• Colorado: Constitutional Quirk Triggers Retail Marijuana Sales Tax Holiday
  • September 4, 2015 | Authors: David H. Godenswager; David M. Kall; Susan Millradt McGlone
  • Law Firm: McDonald Hopkins LLC - Cleveland Office
  • Under House Bill 1367, signed into law in early June, Gov. John Hickenlooper approved a ballot question that will go before the voters this fall seeking their permission to keep the pot taxes that have been collected this fiscal year.

    According to the Colorado Department of Revenue’s (CDOR) Retail Marijuana Tax Reduction Notice, about $58 million is in play. Of this, $27.7 million is a transfer from the Marijuana Tax Cash Fund, and $30.3 million is from the General Fund.

    If voters approve the ballot issue, HB 1367 apportions the refund for expenditure during fiscal year 2015-16 as follows:
    • $40 million to the Public School Capital Construction Assistance Fund, known as the BEST Fund
    • $12 million to the Marijuana Tax Cash Fund and appropriated for fiscal year 2015-16. Of this amount, $1 million is allocated to the Department of Local Affairs for grants under the Local Government Retail Marijuana Impact Grant Program
    • $6 million to remain in the General Fund
    If voters reject the ballot issue, the bill establishes mechanisms to refund the account to taxpayers in three different ways:
    1. For tax year 2015, $25 million will be refunded with the Taxpayer Bill of Rights surplus that the state expects to incur in fiscal year 2014-15.
    2. An amount equal to the fiscal year 2014-15 marijuana excise tax revenue, currently estimated at $19.7 million, will be refunded directly and automatically to marijuana cultivators, such that they will not need to apply for the refund. 
    3. The state will refund the rest, approximately $13.3 million, by way of a temporary marijuana special sales tax rate reduction, from 10 percent to 0.1 percent, beginning Jan. 1, 2016. Thereafter, additional systems are in place to determine whether the required amount of revenue has been refunded.
    Beyond this, beginning Jan. 1, 2016, each local government's share of marijuana special sales tax revenue is to be reduced by half, from 15 percent to 7.5 percent. The share will remain at 7.5 percent until the dollar amount by which the local share is reduced equals the share apportioned to the local government during fiscal year 2014-15. The aggregate amount of special sales tax revenue apportioned to all local governments for fiscal year 2014-15 is expected to be $5.7 million.

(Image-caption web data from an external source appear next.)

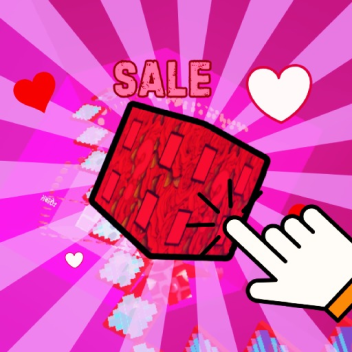 Starting Tower2 [ 💰SALE 💗 ]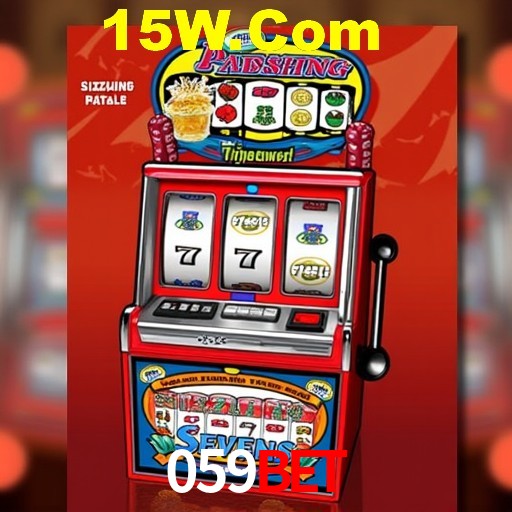 Descubra a Magia dos Jogos de Arcade no 059Bet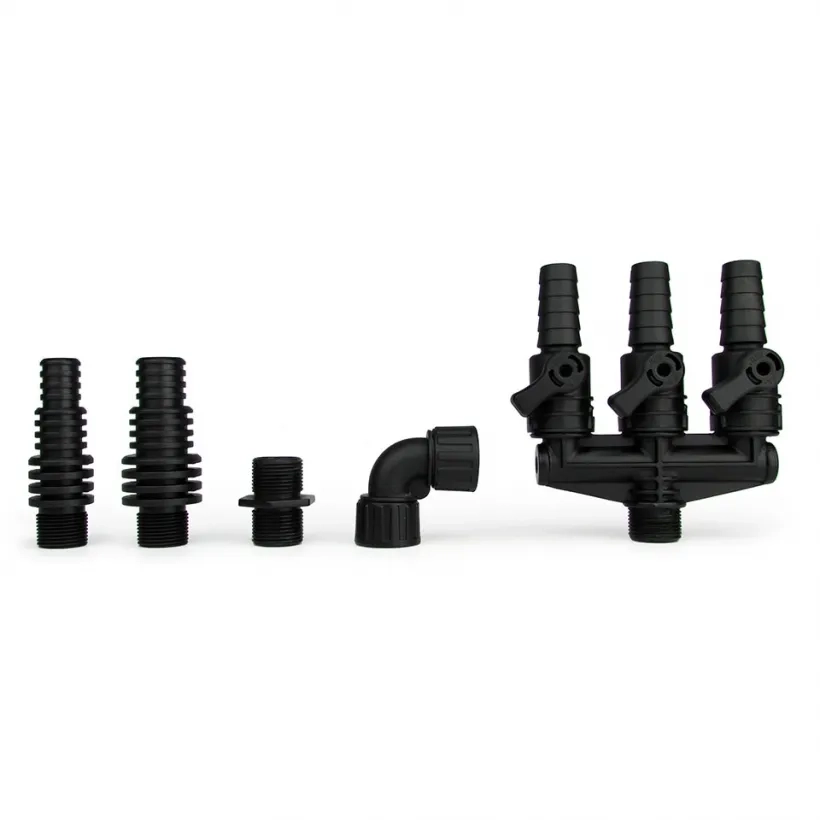 Ultra 1100 Water Pump - Image 4
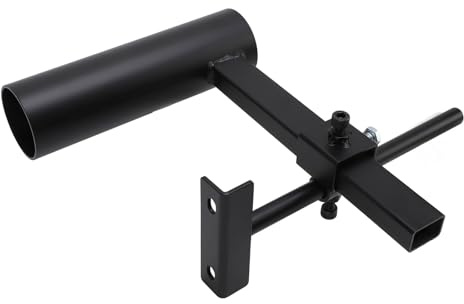 Outil de Montage de Pneus de Voiture, Changeur de Pneus Manuel Favorisant l'équilibre Professionnel Pratique et Efficace pour Les Magasins de Réparation Automobile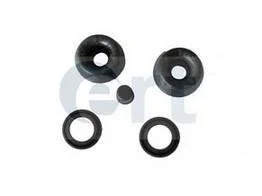 ERT Р/к заднего торм.цилиндра BMW E30, FORD Sierra, CITROEN Xsara, PEUGEOT 305/306/309/405/505 AUTOFREN 300531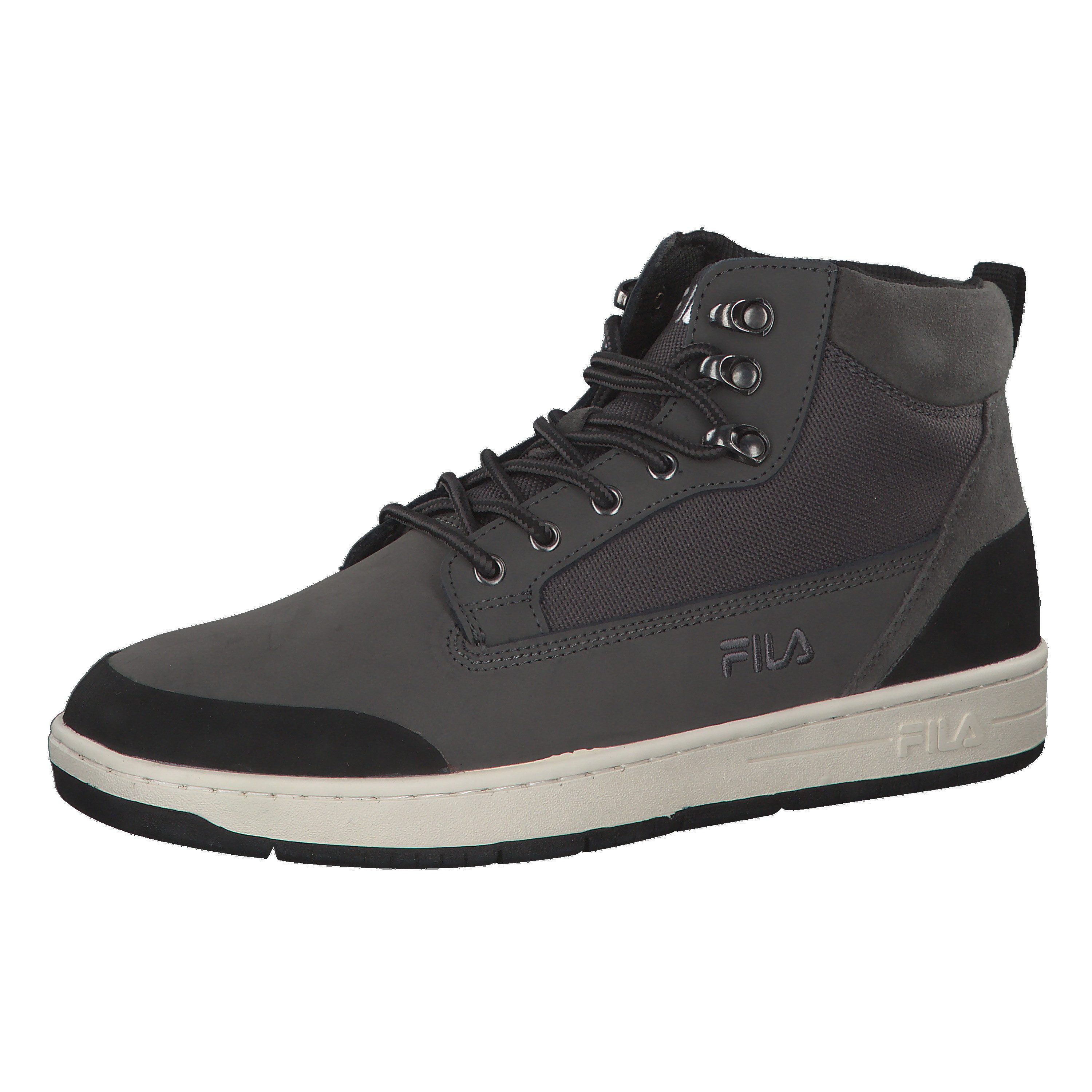 Fila Herren Sneaker Aura Hiker II Mid 1010738 Sneaker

    For each of the fiscal years 2015-16 through 2018-19, General Fund transfers of retail marijuana special sales tax revenue to the Marijuana Tax Cash Fund are reduced by $6.06 million to partially repay the $30.3 million deposited from the General Fund to the refund account.

    Independent of whether voters approve the ballot issue, HB 1367 enacts a marijuana sales tax holiday on Sept. 16, 2015, and other tax benefits in subsequent years. Specifically, HB 1367:
    • Lowers the retail marijuana excise and special sales tax rates to zero, effective Sept.16, 2015, and raises them back to 15 percent and 10 percent, respectively, effective Sept. 17, 2015.
    • Lowers the retail marijuana special sales tax rate from 10 percent to 8 percent beginning July 1, 2017. 
    • Repeals current law requiring the finance committees of the General Assembly to review tax rates by April 1, 2016. 
    • Transfers any marijuana excise tax revenue collected in excess of $40 million during a single fiscal year to the Public School Fund rather than the Marijuana Tax Cash Fund. 
    • Broadens the purposes for which funds in the Marijuana Tax Cash Fund can be expended and requires the Marijuana Enforcement Division to report on its website how tax revenue is spent. 
    • Creates a Local Government Retail Marijuana Impact Grant Program in the Department of Local Affairs.
    The constitutional quirk stems from the state’s Taxpayer Bill of Rights, which obligates Colorado to refund taxes if the amount raised exceeds estimates, explained Westword. Gov. Hickenlooper referred to this as a “fiscal glitch,” from which the state will lose approximately $100,000 on Sept. 16.